As of July 31, 2012, the value of our construction contract backlog was $286 million compared with a backlog value of $415 million as of January 31, 2012. Over 95% of our current backlog relates to two projects, the Sentinel project described above and a 49.9 megawatt biomass-fired power plant under construction in east Texas. The rest of the backlog amount primarily relates to a pair of wind-farm projects and a solar-powered energy facility.

Outlook

Current economic conditions in the United States reflect ongoing weakness in employment, housing and many other industry sectors. Stubbornly high unemployment, the depressed state of the housing industry, reduced state and local government budgets and sluggish manufacturing activity have all contributed significantly to a reduction in construction spending in the United States from pre-recession levels. Affecting us more specifically, these factors have resulted in minimal new demands for electricity which in turn has resulted in power plant operators experiencing less urgency to build new electricity-generating power plants. In addition, the significant instability in the financial markets may be continuing to make it difficult for certain of our customers, particularly for projects funded by private investment, to access the credit markets to obtain financing for new construction projects on satisfactory terms or at all.
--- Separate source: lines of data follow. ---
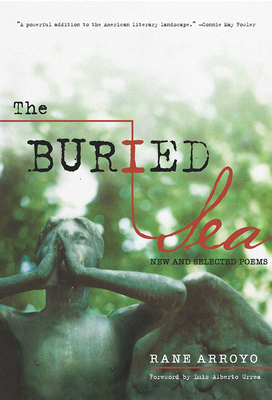 The Buried Sea: New and Selected Poems - Arroyo, Rane, and Urrea, Luis Alberto (Foreword by)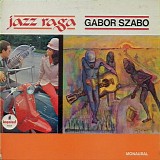 Gabor Szabo - Jazz Raga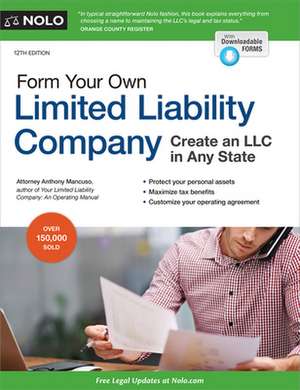 Form Your Own Limited Liability Company: Create an LLC in Any State de Anthony Mancuso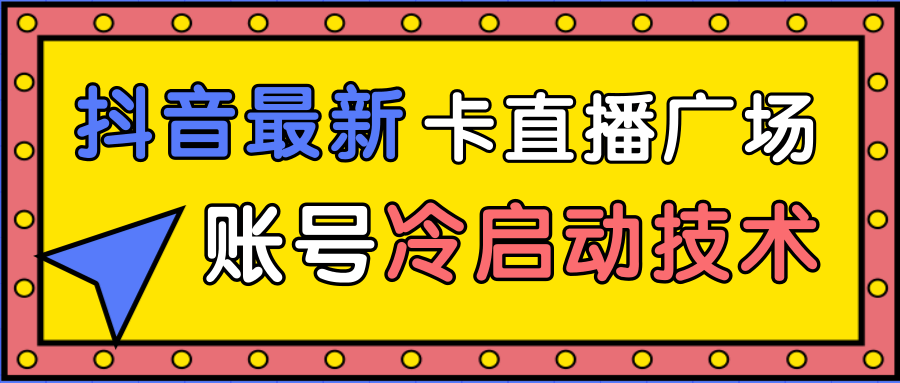 抖音最新卡直播广场12个方法、新老账号冷启动技术，异常账号冷启动-小伟资源网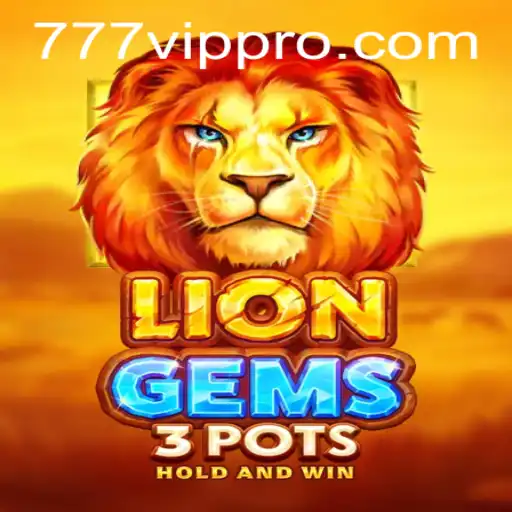 Unveiling the World of LionGems3pots and 777vip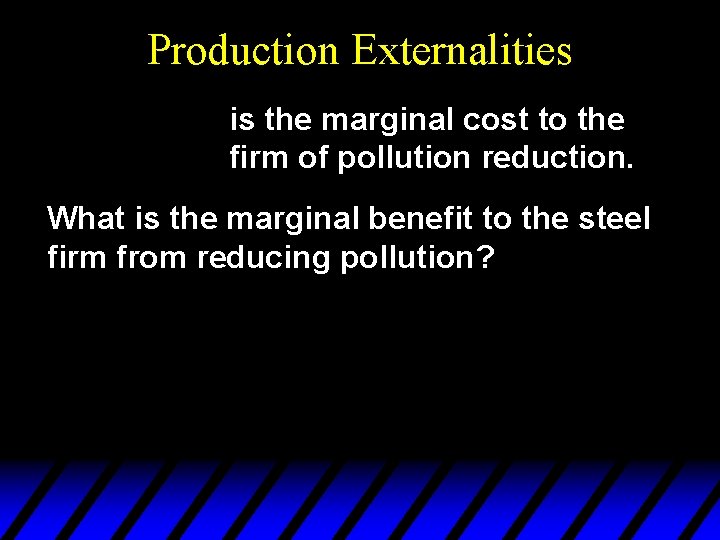 Production Externalities is the marginal cost to the firm of pollution reduction. What is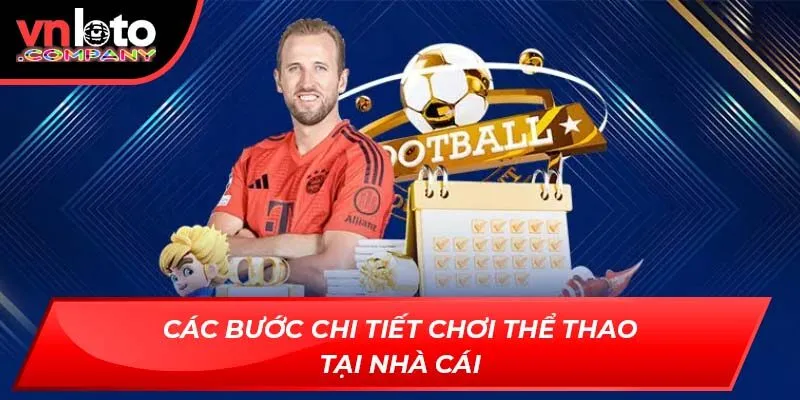 Các bước chi tiết chơi thể thao tại nhà cái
The power industry has not fully recovered from the recessionary decline in the demand for power in the United States. Although the power sector has been one of the primary drivers of the recovery of overall nonresidential construction spending in 2012, the strength has weakened recently according to construction industry observers. As it will likely take at least several years for power consumption to reach 2007 peak levels, certain existing power plants will continue to operate with spare capacity to produce electricity. Despite the reductions in the demand for power, certain regions of the country continued to add power generation facilities over the last several years, wind energy facilities in particular. The combination of these new electricity generation plants and excess power generation capacity elsewhere may obviate the need to build power plants during the power demand recovery period.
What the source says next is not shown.